Hoy celebra la Iglesia la fiesta de San Bruno (c.1030-1101), el fundador de los cartujos, un santo al que profeso particularísima devoción. La vida de Bruno estuvo tejida de silencio y soledad. Pero el silencio de Bruno no fue vacío, sino plenitud. Y en la soledad aprendió que el alma solo se pacifica cuando se somete completamente a la voluntad de Dios, cuando deja de buscar fuera lo que únicamente puede hallarse en el centro del corazón.
El ruido de las ciudades no le atraía. Las luchas por el poder entre los hombres le producían disgusto. El éxito académico no significaba nada para él. Habiendo rechazado toda ambición, ansiaba solo el murmullo de Dios que se oye en el fondo del alma cuando todo se calla. Su oración era el latido de quien ha comprendido que el seguimiento de Cristo no consiste en hacer muchas cosas, sino en dejarse transformar. Su deseo, el convertirse en espejo en que la infinita bondad de Dios pueda reflejarse. De hecho, su oración más constante era repetir una y otra vez: “O Bonitas, o Bonitas” (“Oh Bondad, oh Bondad”). Con ella, Bruno anticipaba la paz profunda que brota de la pura contemplación, esa paz que ya gustó María de Betania a los pies de Jesús: la “parte mejor”.
A San Bruno se atribuye esta bellísima oración, reflejo fiel de su espíritu contemplativo:
Tú, que eres mi Señor.
Tú, cuya voluntad prefiero a la mía.
No me es posible contentarme con palabras al presentarte mi oración.
Escucha mi grito que te suplica como un inmenso clamor…
Tú, de quien me he constituido siervo:
te ruego con perseverancia e insistiré en mi ruego, hasta merecer alcanzar tu favor.

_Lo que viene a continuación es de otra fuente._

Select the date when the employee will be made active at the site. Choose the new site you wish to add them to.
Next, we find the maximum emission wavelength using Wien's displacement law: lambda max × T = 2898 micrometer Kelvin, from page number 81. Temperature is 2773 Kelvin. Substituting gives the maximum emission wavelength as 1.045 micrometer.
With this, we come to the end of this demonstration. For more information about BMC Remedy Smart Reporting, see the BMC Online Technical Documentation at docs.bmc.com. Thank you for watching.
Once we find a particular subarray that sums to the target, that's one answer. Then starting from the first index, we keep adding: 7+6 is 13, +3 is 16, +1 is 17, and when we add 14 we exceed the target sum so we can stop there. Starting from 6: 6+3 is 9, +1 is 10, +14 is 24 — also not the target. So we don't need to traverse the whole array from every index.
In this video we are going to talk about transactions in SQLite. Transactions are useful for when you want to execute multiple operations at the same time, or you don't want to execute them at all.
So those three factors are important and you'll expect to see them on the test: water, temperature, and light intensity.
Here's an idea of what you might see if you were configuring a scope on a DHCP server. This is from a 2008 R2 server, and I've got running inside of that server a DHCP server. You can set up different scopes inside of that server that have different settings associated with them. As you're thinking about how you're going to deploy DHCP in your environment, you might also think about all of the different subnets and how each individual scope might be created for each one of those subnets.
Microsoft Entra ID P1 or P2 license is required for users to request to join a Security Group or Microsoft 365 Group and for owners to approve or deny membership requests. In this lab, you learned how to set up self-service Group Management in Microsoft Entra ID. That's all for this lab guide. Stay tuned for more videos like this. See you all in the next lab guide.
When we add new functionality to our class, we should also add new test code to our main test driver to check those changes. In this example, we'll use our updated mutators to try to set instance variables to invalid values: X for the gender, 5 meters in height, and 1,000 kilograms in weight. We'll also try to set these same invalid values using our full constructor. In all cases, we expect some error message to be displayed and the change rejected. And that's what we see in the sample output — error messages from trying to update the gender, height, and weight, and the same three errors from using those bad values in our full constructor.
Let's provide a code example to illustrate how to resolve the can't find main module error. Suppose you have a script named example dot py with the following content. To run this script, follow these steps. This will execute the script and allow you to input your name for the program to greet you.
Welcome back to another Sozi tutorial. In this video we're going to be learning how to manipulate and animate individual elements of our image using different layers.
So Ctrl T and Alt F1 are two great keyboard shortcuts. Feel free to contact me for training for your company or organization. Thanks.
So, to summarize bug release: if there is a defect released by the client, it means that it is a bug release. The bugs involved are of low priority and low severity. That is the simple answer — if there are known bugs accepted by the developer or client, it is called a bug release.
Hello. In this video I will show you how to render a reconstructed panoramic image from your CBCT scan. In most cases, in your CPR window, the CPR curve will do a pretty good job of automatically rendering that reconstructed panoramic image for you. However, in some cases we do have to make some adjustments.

Pues no anhelo un bien de la tierra;
no pido más que lo que debo pedir:
sólo a ti…
¡Ten piedad de mí!
Y pues inmensa es tu misericordia
y grande mi pecado, ten piedad de mí inmensamente en proporción a tu misericordia.
Entonces podré cantar tus alabanzas, contemplándote, Señor.
Te bendeciré con una bendición
que perdurará a lo largo de los siglos;
te alabaré con la alabanza y la contemplación, en este mundo y en el otro, como María, de quien nos dice el Evangelio, que ha escogido la parte mejor. Amén.